Minor league affiliations
- Class: Class D
- League: Appalachian League

Major league affiliations
- Team: Unaffiliated

Minor league titles
- League titles (0): None

Team data
- Name: Erwin Mountaineers
- Ballpark: Gentry Stadium

= Erwin Mountaineers =

The Erwin Mountaineers were a Minor League Baseball team that played in the Class D Appalachian League in 1940. They were located in Erwin, Tennessee, and played their home games at Gentry Stadium.

The Mountaineers were managed by Tilly Walker, a former American League outfielder. Erwin was scheduled to open the season at home on May 2 against the Johnson City Cardinals, but the two-game series was postponed by cold weather. Consequently, they played their first game on May 4, defeating the Greeneville Burley Cubs, 8–5, on the road.

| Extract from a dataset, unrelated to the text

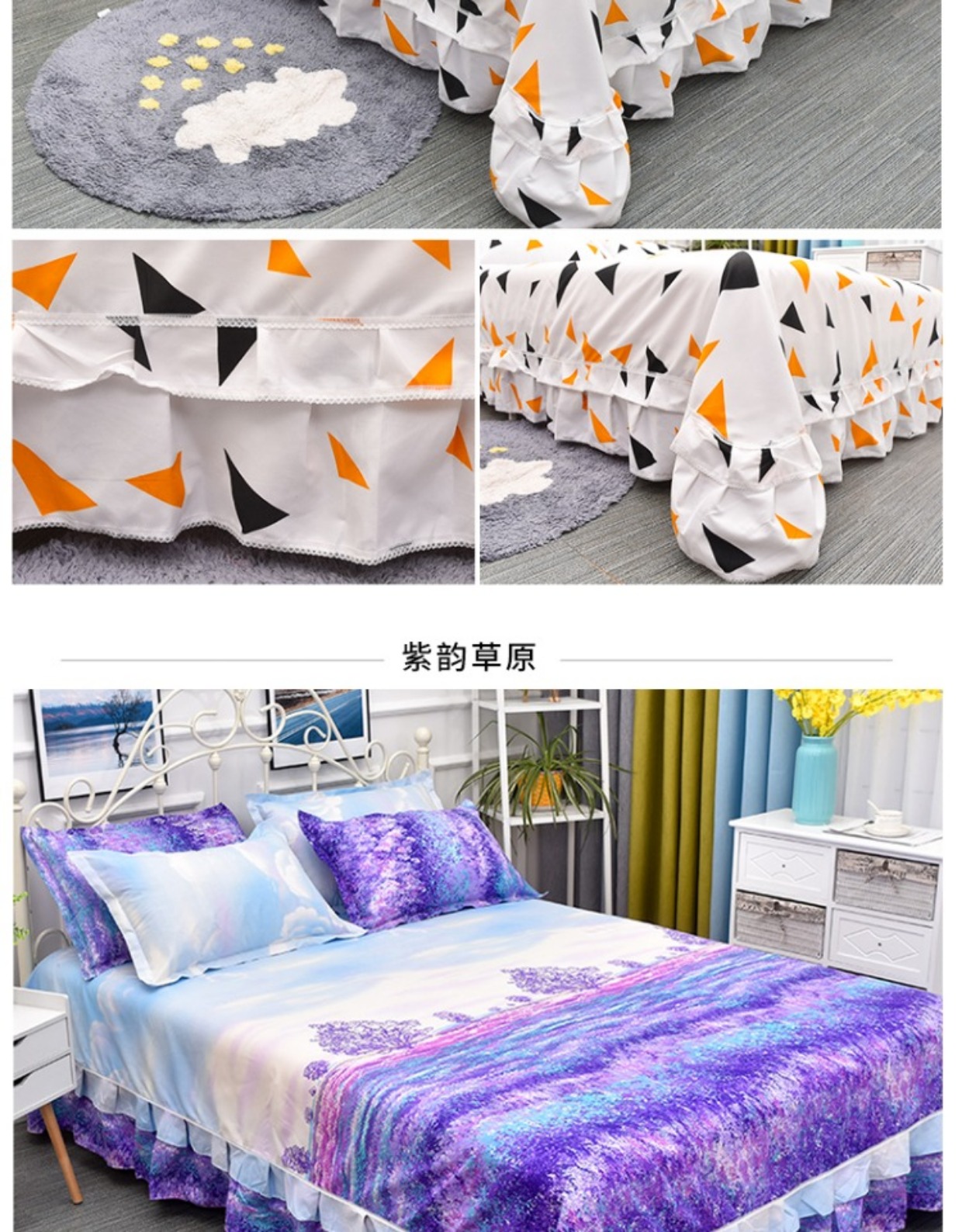 Khăn trải giường, một miếng bông, đơn 1,2m / 1,5m, 1,8m, ký túc xá sinh viên ba mảnh, bông đôi mùa đông ga giường màu xám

Walker stepped down as manager around the beginning of June, and third baseman James Hoff led the team as a player-manager on an interim basis for two weeks. On June 13, veteran Appalachian League skipper Bill Dubbs was brought in to manage the Mountaineers. Erwin ended the season on September 2 with a 6–2 road loss to the Pennington Gap Miners. They compiled a win–loss record of 27–88 (.235), placing last of eight teams, in their only season of competition.

The city of Erwin did not field another team until the Erwin Aces in 1943.